-- ACTIVITY --
Retype the line containing "Used 2016 Ford Explorer Platinum image 29" and each later line through the end of the listing, exactly as written, with no other lines.

□ □ □

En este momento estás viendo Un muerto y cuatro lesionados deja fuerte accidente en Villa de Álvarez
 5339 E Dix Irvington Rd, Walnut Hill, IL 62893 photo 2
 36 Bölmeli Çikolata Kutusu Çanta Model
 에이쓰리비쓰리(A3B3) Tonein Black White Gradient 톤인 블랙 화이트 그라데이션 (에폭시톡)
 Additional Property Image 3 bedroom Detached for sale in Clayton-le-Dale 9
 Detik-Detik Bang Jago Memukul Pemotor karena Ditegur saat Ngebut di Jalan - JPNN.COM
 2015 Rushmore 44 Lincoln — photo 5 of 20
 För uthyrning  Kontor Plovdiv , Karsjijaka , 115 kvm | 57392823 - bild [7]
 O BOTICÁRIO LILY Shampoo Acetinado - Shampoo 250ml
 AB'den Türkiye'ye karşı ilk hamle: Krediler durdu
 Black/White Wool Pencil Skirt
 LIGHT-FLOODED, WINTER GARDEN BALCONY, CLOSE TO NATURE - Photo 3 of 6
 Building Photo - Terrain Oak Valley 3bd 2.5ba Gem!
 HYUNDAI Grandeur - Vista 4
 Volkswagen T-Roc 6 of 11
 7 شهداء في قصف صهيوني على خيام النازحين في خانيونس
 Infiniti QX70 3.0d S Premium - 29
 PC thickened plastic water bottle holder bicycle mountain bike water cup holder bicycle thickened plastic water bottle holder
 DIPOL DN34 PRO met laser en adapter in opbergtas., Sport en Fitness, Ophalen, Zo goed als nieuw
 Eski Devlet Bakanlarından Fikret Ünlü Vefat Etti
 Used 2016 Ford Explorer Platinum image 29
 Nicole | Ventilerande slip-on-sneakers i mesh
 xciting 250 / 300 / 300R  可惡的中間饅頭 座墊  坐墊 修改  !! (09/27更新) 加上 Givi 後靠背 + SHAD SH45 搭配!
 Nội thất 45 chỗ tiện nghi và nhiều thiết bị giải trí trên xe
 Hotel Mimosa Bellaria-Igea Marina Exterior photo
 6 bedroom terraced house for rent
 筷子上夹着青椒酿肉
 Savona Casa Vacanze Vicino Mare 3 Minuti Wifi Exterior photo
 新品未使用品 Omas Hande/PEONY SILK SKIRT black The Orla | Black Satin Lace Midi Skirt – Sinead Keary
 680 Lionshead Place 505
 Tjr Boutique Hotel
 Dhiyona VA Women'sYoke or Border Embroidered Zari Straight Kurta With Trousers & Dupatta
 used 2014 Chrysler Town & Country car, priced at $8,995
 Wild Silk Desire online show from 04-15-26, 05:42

□ □ □

-- TASK RESULT --
 Used 2016 Ford Explorer Platinum image 29
 Nicole | Ventilerande slip-on-sneakers i mesh
 xciting 250 / 300 / 300R  可惡的中間饅頭 座墊  坐墊 修改  !! (09/27更新) 加上 Givi 後靠背 + SHAD SH45 搭配!
 Nội thất 45 chỗ tiện nghi và nhiều thiết bị giải trí trên xe
 Hotel Mimosa Bellaria-Igea Marina Exterior photo
 6 bedroom terraced house for rent
 筷子上夹着青椒酿肉
 Savona Casa Vacanze Vicino Mare 3 Minuti Wifi Exterior photo
 新品未使用品 Omas Hande/PEONY SILK SKIRT black The Orla | Black Satin Lace Midi Skirt – Sinead Keary
 680 Lionshead Place 505
 Tjr Boutique Hotel
 Dhiyona VA Women'sYoke or Border Embroidered Zari Straight Kurta With Trousers & Dupatta
 used 2014 Chrysler Town & Country car, priced at $8,995
 Wild Silk Desire online show from 04-15-26, 05:42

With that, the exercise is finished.